I am an owner of a tipi…

I never suspected that I would be, and for the first decade or so of reenacting; I had always viewed them as something far more Plains Indian and inappropriate/historically incorrect for what I do.  For a variety of reasons, I have changed my attitude toward this, and when my Uncle Ken mentioned that he had a tipi that he was looking to get rid of; I knew I wanted it.  A big thanks to Uncle Ken and I owe you!

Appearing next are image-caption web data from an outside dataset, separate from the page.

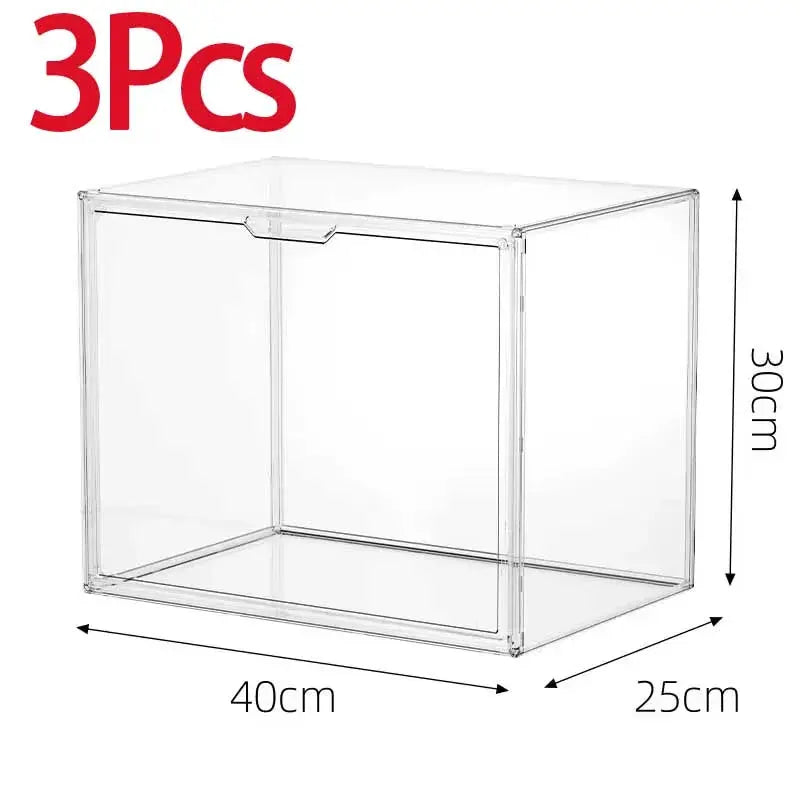 Transparent Storage Box Organizer for Books CDs Albums and Magazines Desktop Display Cabinet Dustproof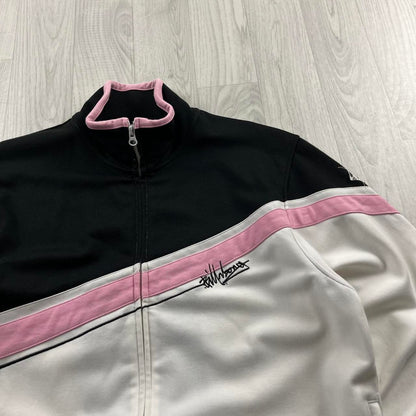 VINTAGE Y2K BILLABONG ZIP UP TRACK JACKET WHITE PINK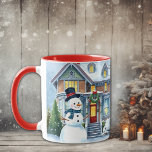 Cute Whimsical Snowman in the Front Yard Christmas Mug<br><div class="desc">A cute watercolor illustration of a snowman in front of a suburban Victorian house in a sweet cozy neighbourhood. Snowman has blue scarf and top hat on.</div>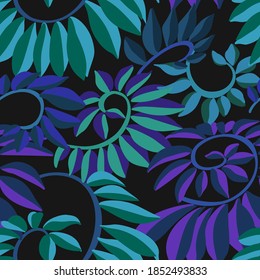 Botanical ornament. Stylized decorative leaves. Nature spiral seamless pattern made of abstract geometrical shapes. Textile and fabric design, fashion texture.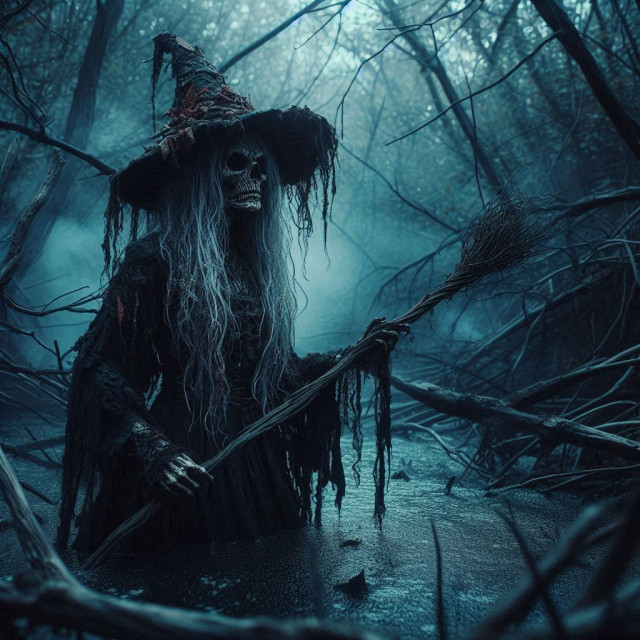 Witch in a dark swamp, eery, dark fantasy, vibrant colors, wicket, creepy,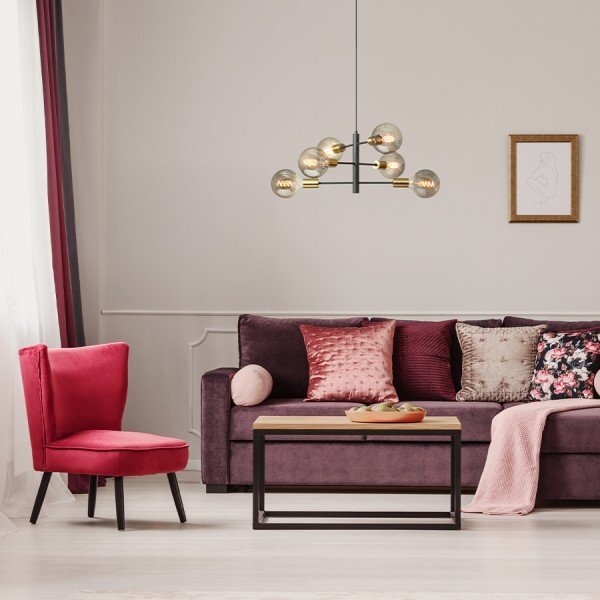 ARTEMIA 6 závěsná černá česaná mosaz 230V E27 6x15W - RED - DESIGN RENDL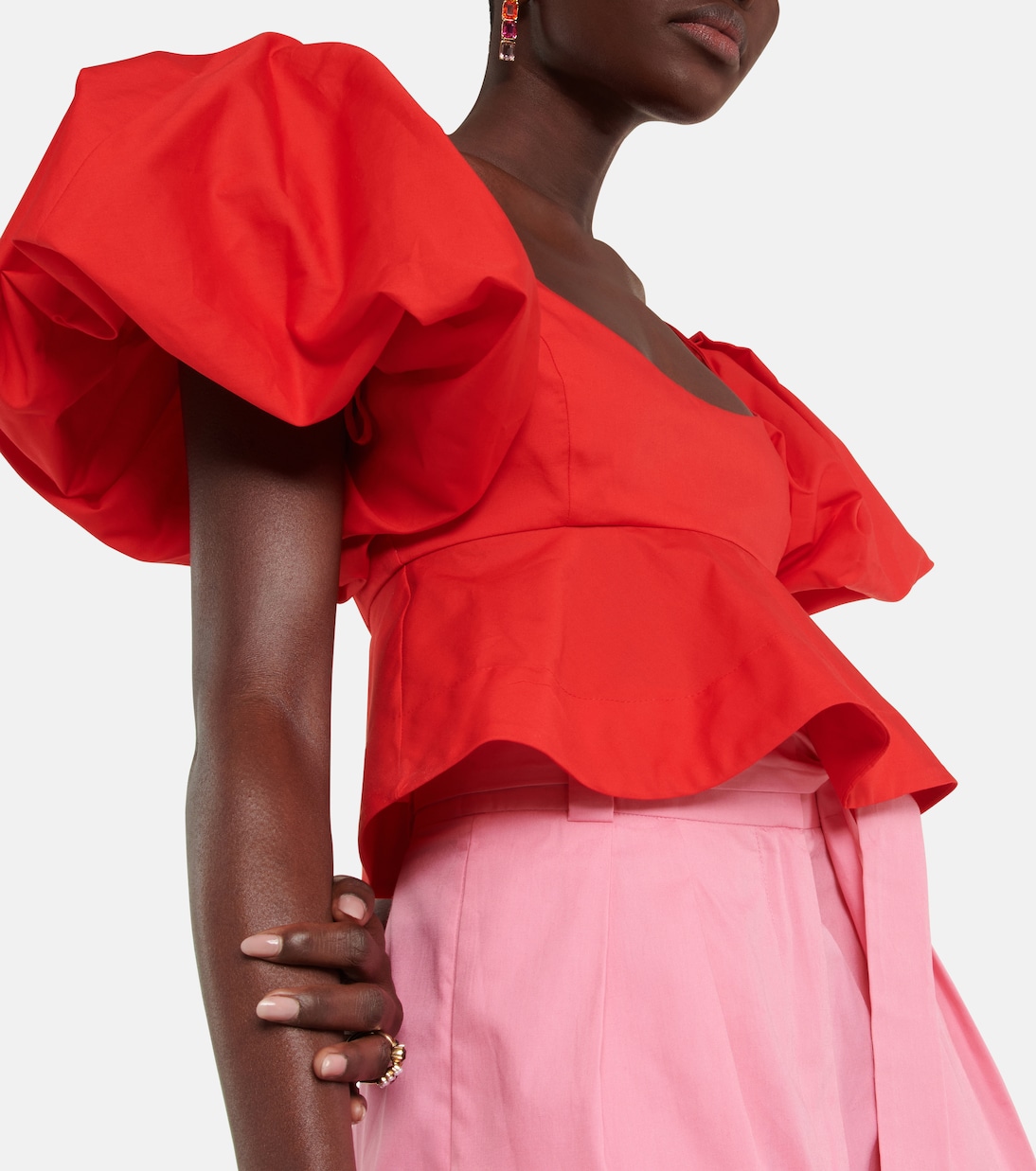 Peplum cotton crop top | Oscar de la Renta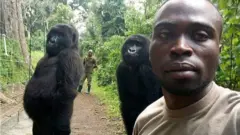 Ọzọdimgba chere foto esete onwe 'selfie' na Virunga National Park, n'obodo DR Congo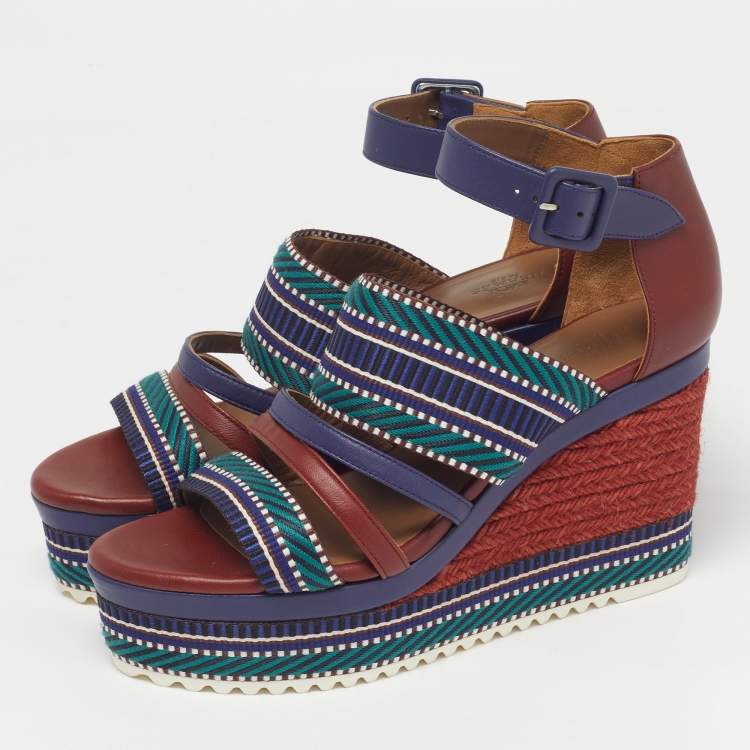 Pre Owned Hermes Roma Size 38.5 Multicolor Leather and Web Tape Platform Wedge Ankle Strap Sandals
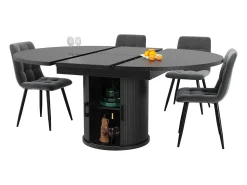 Mesa comedor extensible - MDF - Mesa redonda - 118-158 cm - 6 personas - 1 puerta - 2 estantes - negro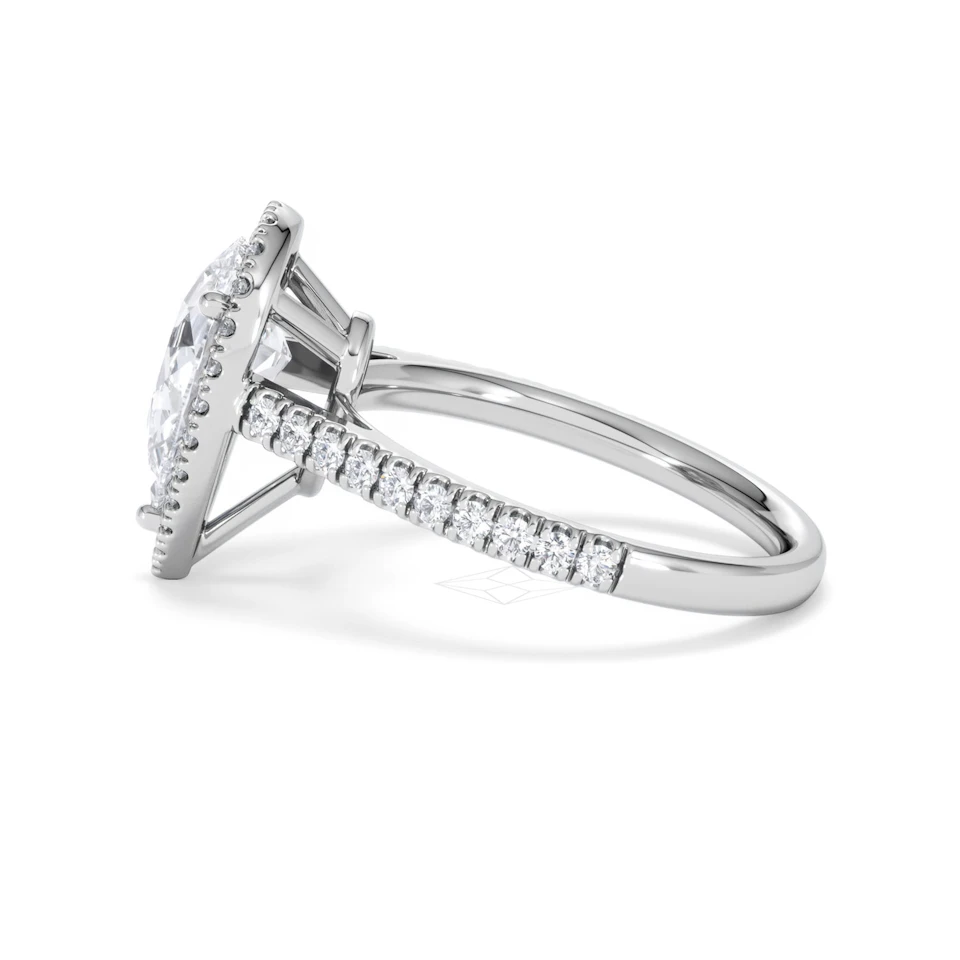 Diana Lab Diamond Pear Halo Engagement Ring 18KW Gold 2.60ct F/VS1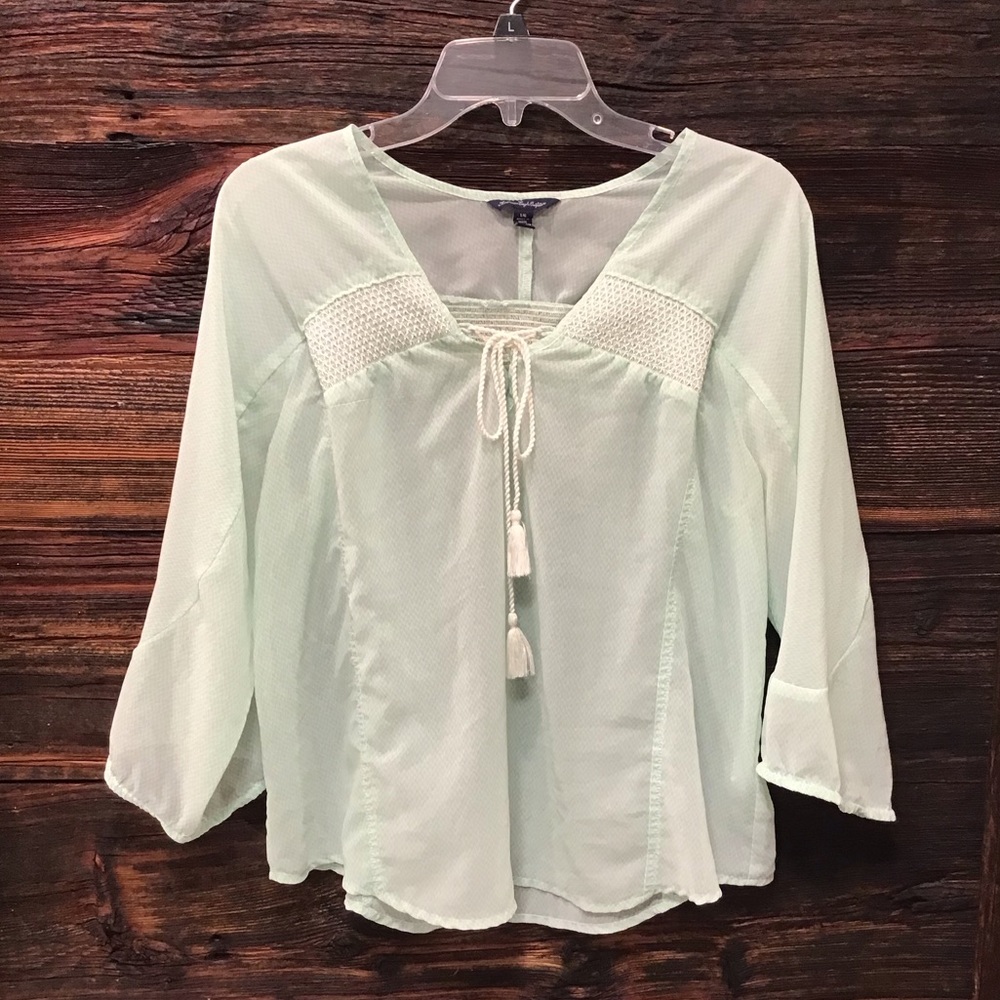 American Eagle Semi Sheer Peasant Blouse Baby Doll SZ L Tassels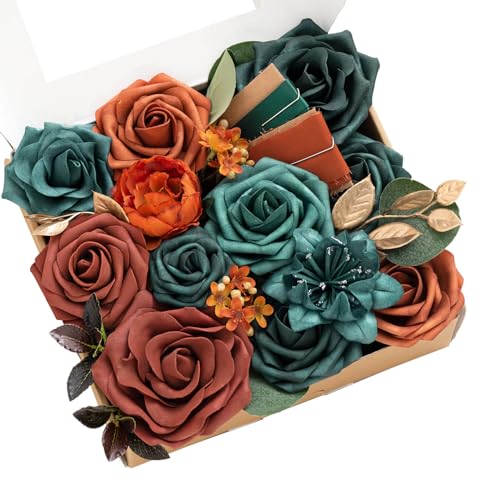 Ling's moment Fake Flowers Box, Faux Artificial Greenery Stems Foam Roses Silk Peony Waxflower Fabic Flower for Centerpieces Bouquet Wedding Vase Floral Decorations, Teal & Orange, Mini Combo - color: Teal & Orange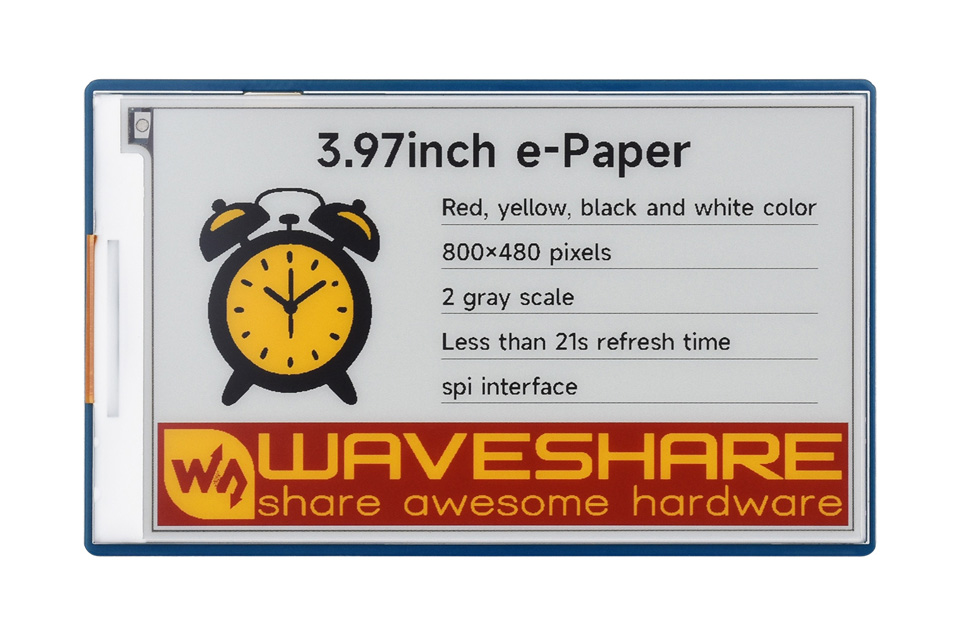 3.97 英寸电子墨水屏模块主图，屏幕显示效果，标签作用效果，显示红、黄、黑、白四色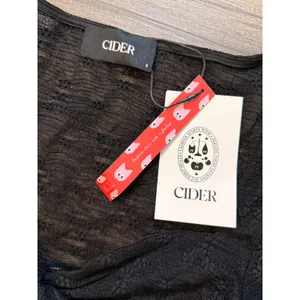 Cider Black Sheer Floral Lace Tie Front Long Bell Sleeve Festival Top Small thumbnail 4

In living history and reenactment, many people tend to get an idea of what is correct or what is not and then blindly label everything according to a “generic look” instead of looking at the bigger picture (or actually a more narrow, geographic specific picture).  For us in the Great Lakes, much of the current standard of correctness has been established by items, writings, researchers, reenactors, etc. from further east.  Also, there is a tendency to view anything Western or Plains as automatically incorrect.  While “generic looks” and basic standards  are great and have, in many ways, increased the overall quality of historic impressions; it often obscures regionalism.  For many of us in the western Great Lakes, regionally we see some things that are far more Western, Plains, or Prairie than Eastern.

Now, before I explain out tipis in connection to my fur trade interest in WI, I should note that my tipi is cotton canvas and modern made, not a truly correct hide tipi as what really is reflected in the history I will be explaining.  Linda Holley’s website is a great resource for the history of tipi construction, etc., and she notes a variety of elements that are incorrect (historically speaking) on most modern tipis.  This all said, a French era or British era fur trader or voyageur in western WI, would certainly have had some familiarity and experience with the often romanticized (and just plain cool) tipi.  I plan on using my tipi, not at reenactments, but set up in the prairie grass and weeds well behind my house.  It can give me, my family, and my friends the experience (and fun) of camping out in a tipi.  I am especially looking forward to some nights out in it this winter.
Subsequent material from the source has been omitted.